Como si leyera sus pensamientos, Paula continuó:

—No te culpes, mi niña. Incluso si tú no existieras, lo de Fermín y Abril no habría llegado muy lejos.

—Abril venía de un mundo muy distinto y simplemente no encajaba con Fermín. Sin ti de por medio, tarde o temprano iban a terminar por sus diferencias.

—Además, cuando terminaron, tu madre y yo le dimos a Abril una buena compensación económica.

—¿Una compensación? —Macarena quedó paralizada.

Afuera de la habitación, Fermín también se congeló.

Abril jamás le había mencionado ni una sola palabra sobre dinero.

Paula asintió con un suspiro:

—Como te dije, ella no era para Fermín, y Florencia jamás habría permitido que entrara a la familia. Así que tu madre y yo la buscamos en privado e hicimos un trato con ella.

—Le conseguimos contactos en universidades en el extranjero y le dimos dinero más que suficiente para que fuera a estudiar. A cambio, ella terminó con Fermín y renunció a la idea de formar parte de los Gómez.

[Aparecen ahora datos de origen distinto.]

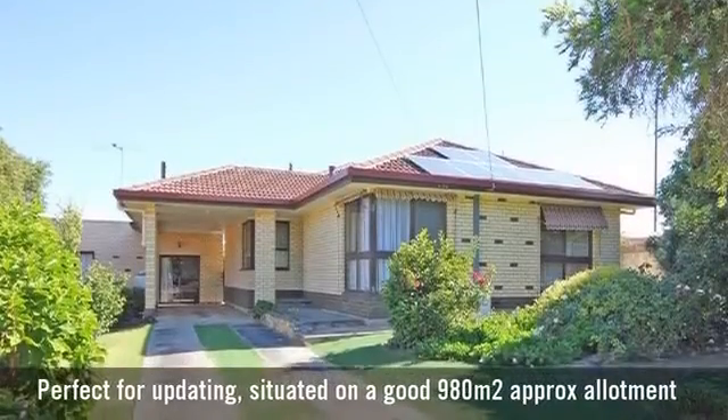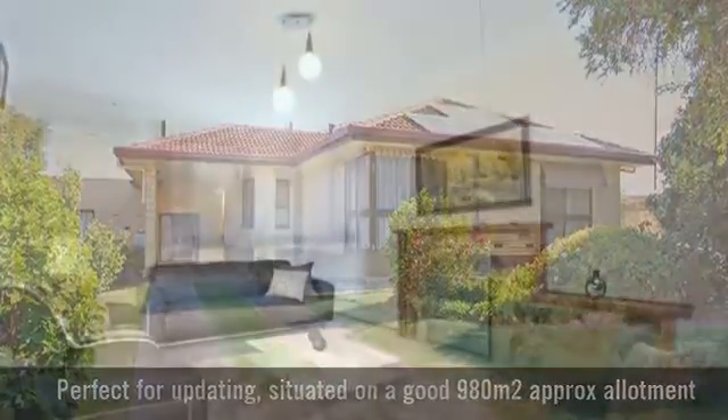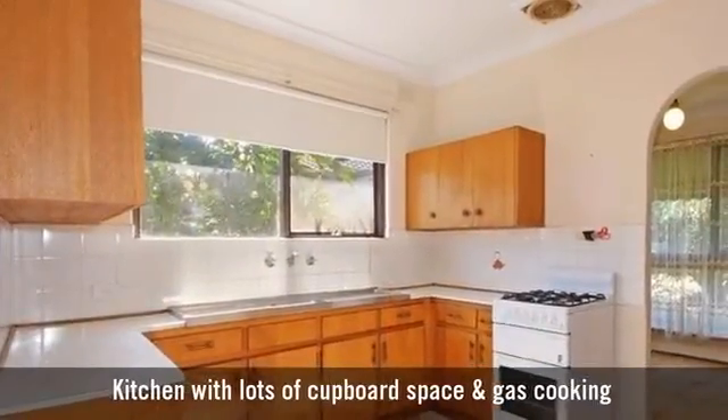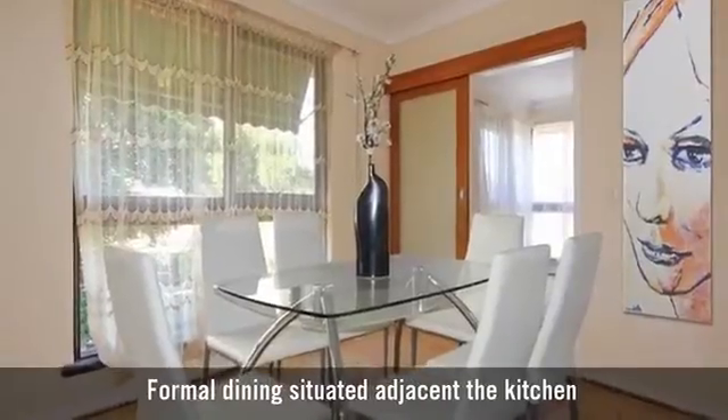For sale is a beautifully presented and maintained home. Spacious, light-filled living room. A kitchen with lots of cupboard space, featuring a formal dining area.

—¿Y ella aceptó sin más? —preguntó Macarena, incrédula.

Paula asintió lentamente.

—Pude ver que era una muchacha muy orgullosa. Aunque no se lo dijéramos, ella sabía perfectamente el abismo que la separaba de Fermín.

Antes, su esperanza era apagar los incendios antes de que crecieran. Sabía perfectamente que Macarena la pasaba mal en la familia, pero mientras su nieta política quisiera seguir allí, Paula no podía permitirse hacer un escándalo.

Lo único que podía hacer era mediar cuando la maltrataban y usar su peso como matriarca para escudarla un poco de los golpes.

Cuando finalmente se divorció de Fermín, Paula deseó de todo corazón que Macarena cortara lazos con los Gómez sin mirar atrás, para que pudiera volar libre y llegar muy lejos.

Pero tal vez haber estado al borde de la muerte le cambió la perspectiva, o quizá los incidentes de ese día la hicieron despertar.

Se dio cuenta de que no podían seguir callando.

Había verdades que debían gritarse a los cuatro vientos.

De lo contrario, los inocentes seguirían pagando los platos rotos injustamente.

—Fermín, ¿qué haces parado aquí afuera?

La repentina voz de Sabrina rompió el silencio desde el pasillo.